Inconformada, a ré interpôs recurso, pedindo que a sentença seja revogada e substituída por decisão que (i) exclua ou no mínimo reduza o montante indemnizatório a título de danos não patrimoniais, estabelecendo-se o mesmo num valor não superior a € 500 e (ii) conheça oficiosamente das deduções decorrentes do estipulado na alínea c) do artigo 390.º, n.º 2, deduzindo-se das retribuições a pagar a autora o subsídio de desemprego atribuído à mesma, culminando a alegação com as seguintes conclusões:
"1)-A Ré vem recorrer da douta Sentença do tribunal a quo porquanto não se conforma com os fundamentos invocados pelo Sr. Dr. Juiz para justificar a sua convicção e consequente decisão.
2)-A Ré vem recorrer da matéria de facto e de direito, nomeadamente quanto aos factos que julgou suficientes para estabelecer o montante indemnizatório a título de danos não patrimoniais, bem como o facto de não ter feito as deduções impostas no artigo 390.º do Código do Trabalho aquando da proferição da Sentença.
3)-Foi a autora que disse, peremptoriamente, ao seu chefe, CC, que se queria despedir, isto no seguimento de uma discussão que a mesma provocou por motivos superficiais.
4)-No entanto, a Autora veio alegar que foi ameaçada e coagida a escrever e a assinar a carta de rescisão, o que não é de todo verdade, tal como concluiu o tribunal a quo.
5)-Aliás, o tribunal a quo concluiu pelo reduzido valor probatório das alegações de parte da Autora, apoiando-se também no que os seus colegas de trabalho afirmaram em audiência de julgamento (que desmentiram tudo o que a Autora disse quanto a ter sido ameaçada e coagida pelo seu chefe).
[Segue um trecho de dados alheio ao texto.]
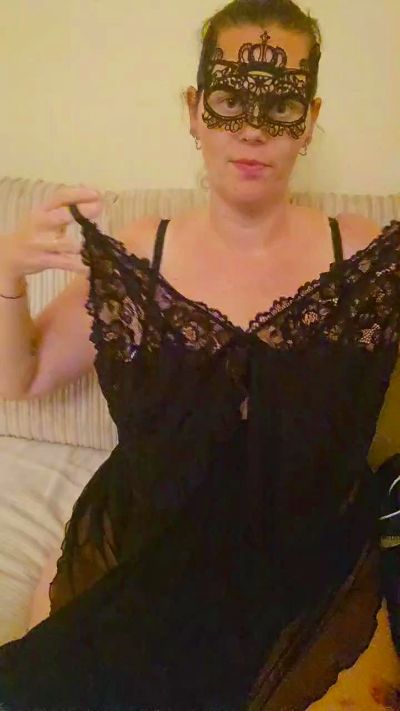 AstridXOX from United Kingdom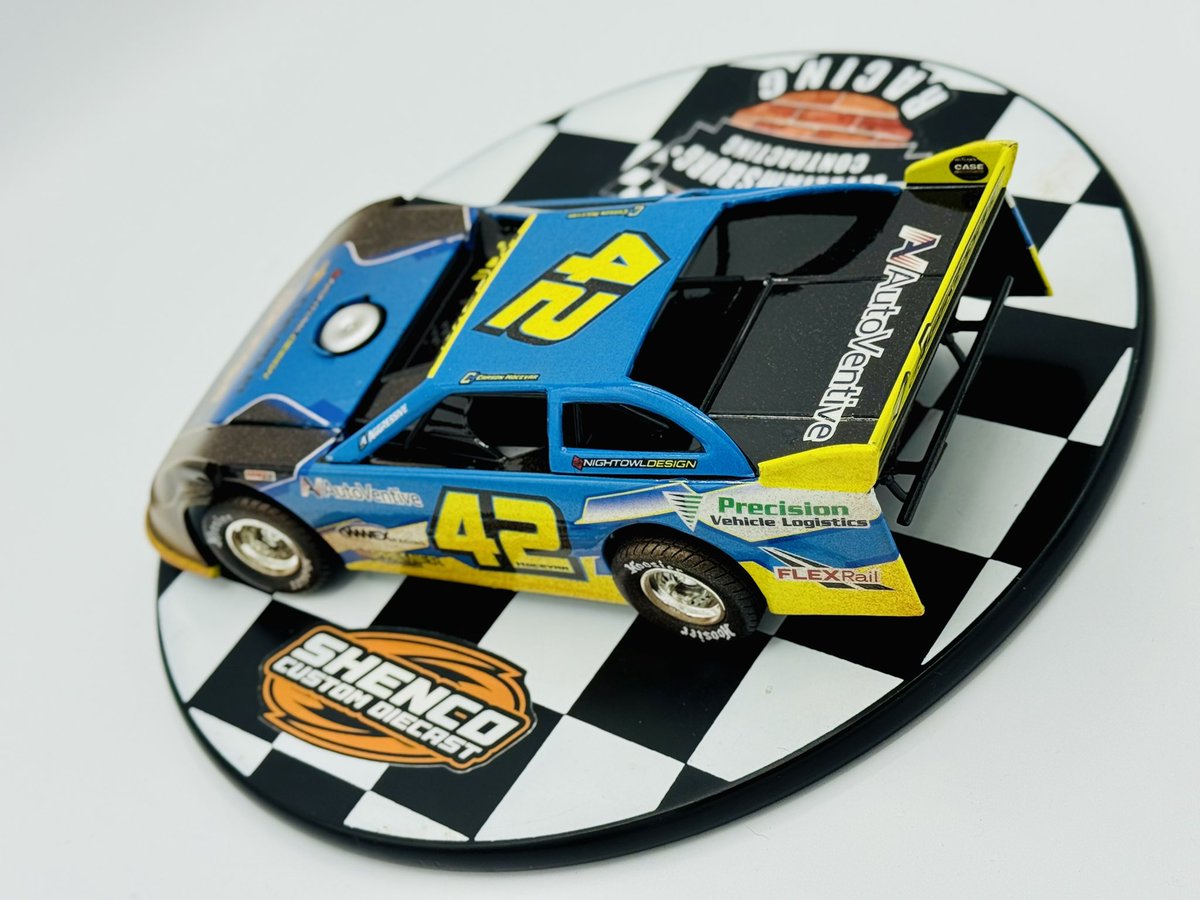ColtonManich's tweet photo. Had some fun with this @CarsonHocevar dirt late model https://t.co/iDuBN2P4O2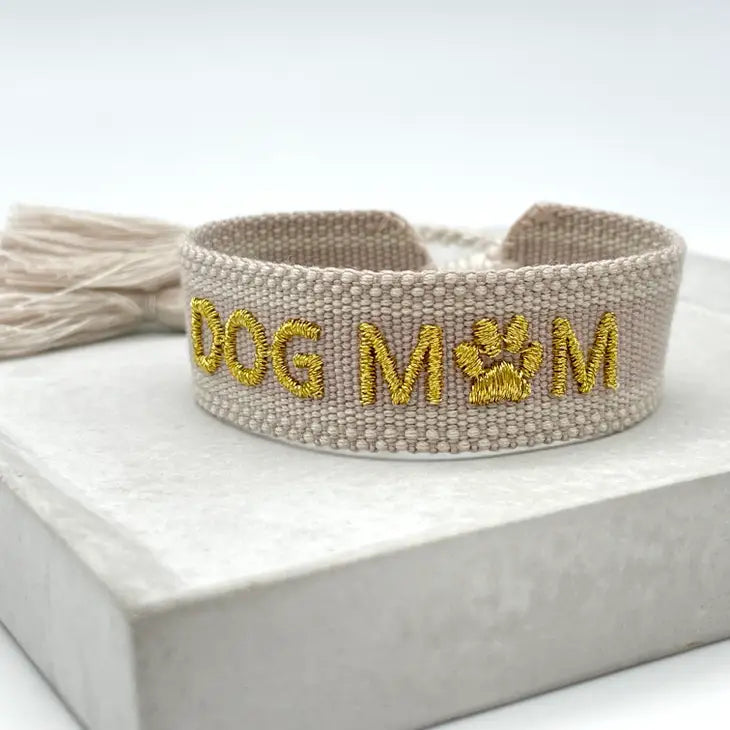 DOG MOM uttalande armband vävt, broderat image 0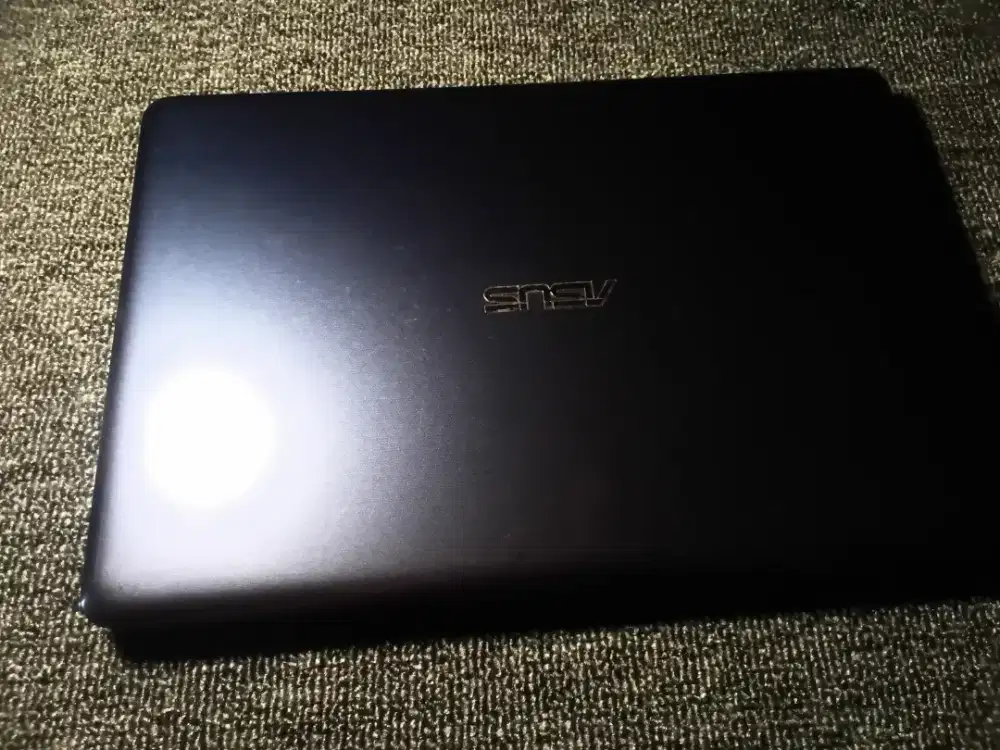 Notebook Asus E203M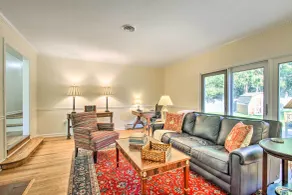 Near Philly & PGA Champ! Inviting Home w/ Yard - Interior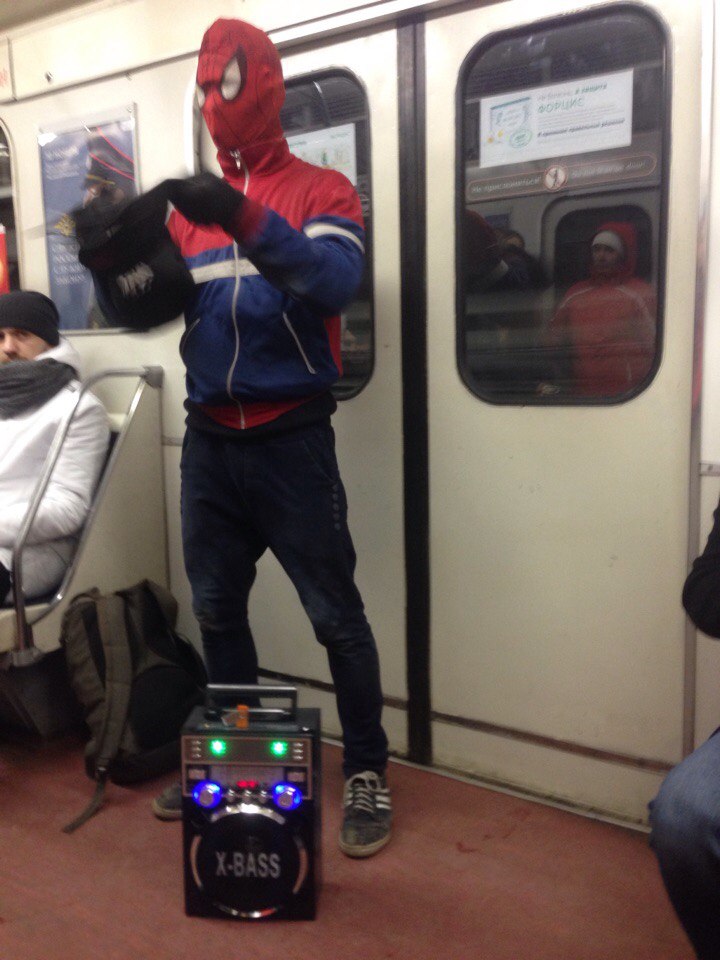 Мода от народа или 20 убойных пассажиров российского метро мода петербургского метро, мода метро, модники в транспорте, странные пассажиры метро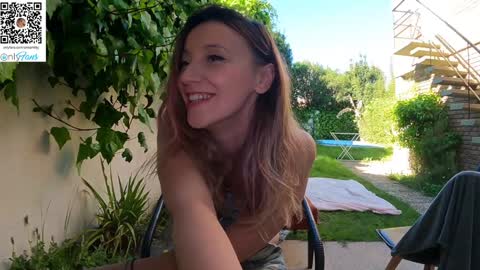 Snapshot of the_pussy_boulevard chatting on 10-01-25, 07:09 Anna online show from 10-01-25, 07:09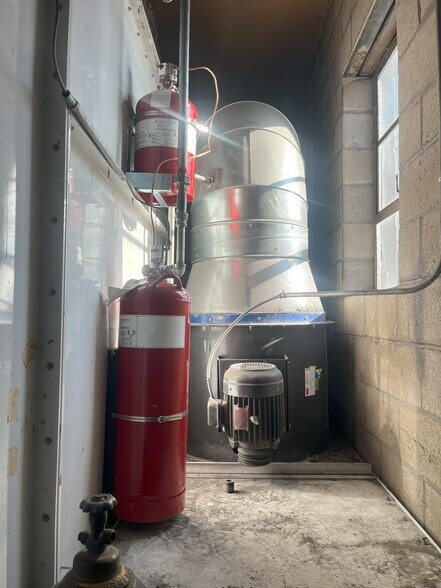 More Photos Of 1114 Montello St, Brockton Auto Repair For Sale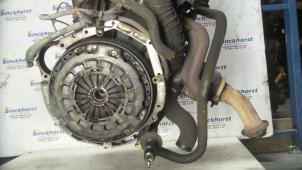 Engine from a Mercedes-Benz Vito (638.0) 2.2 CDI 108 16V 2001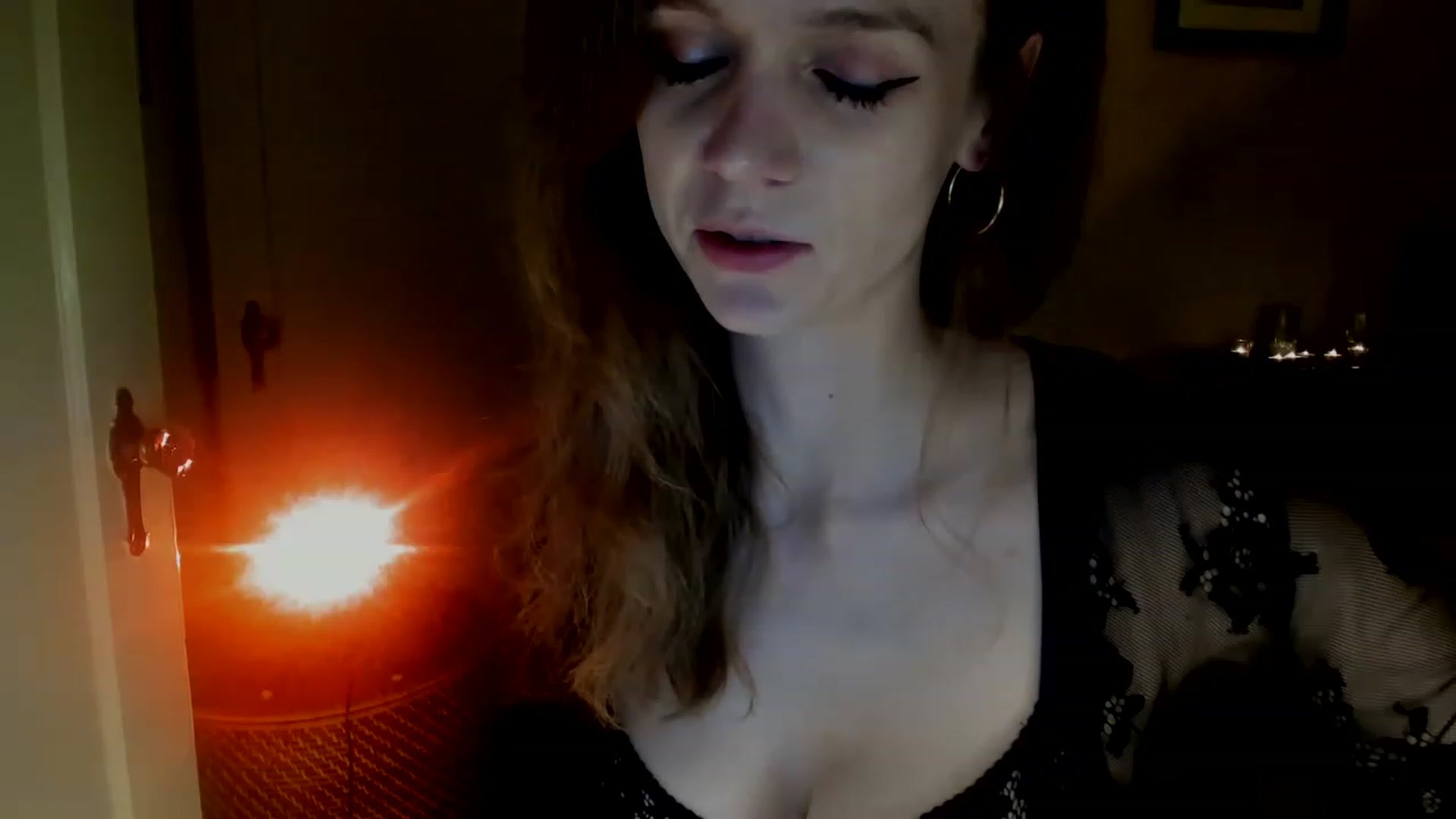 Gallery image thumbnail from muffinmoon's myfreecams stream on, 12/18/2022, 06:28 image 8 of 20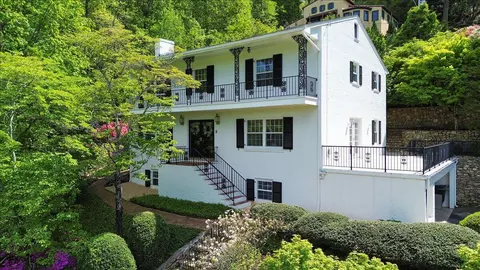 3002 Burnleigh Rd SW, Roanoke, VA 24014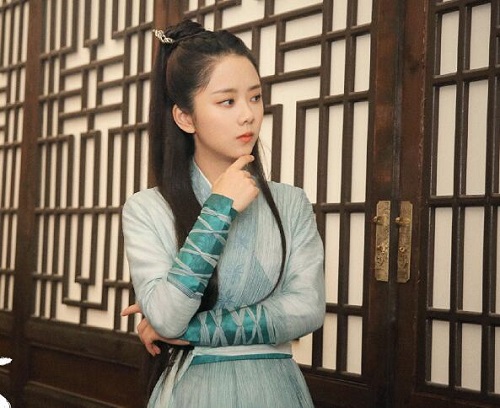 锦衣之下袁今夏是谁的女儿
6)-Não duvidando do sofrimento da Autora, que certamente se sentiu afectada, não podemos, no entanto, acreditar que a mesma tenha entrado numa espiral de emoções negativas tão profunda que a tenha deixado no estado que a mesma alega ter ficado.
7)-Foi a Autora que desejou despedir-se, demonstrando essa vontade perante todos os presentes.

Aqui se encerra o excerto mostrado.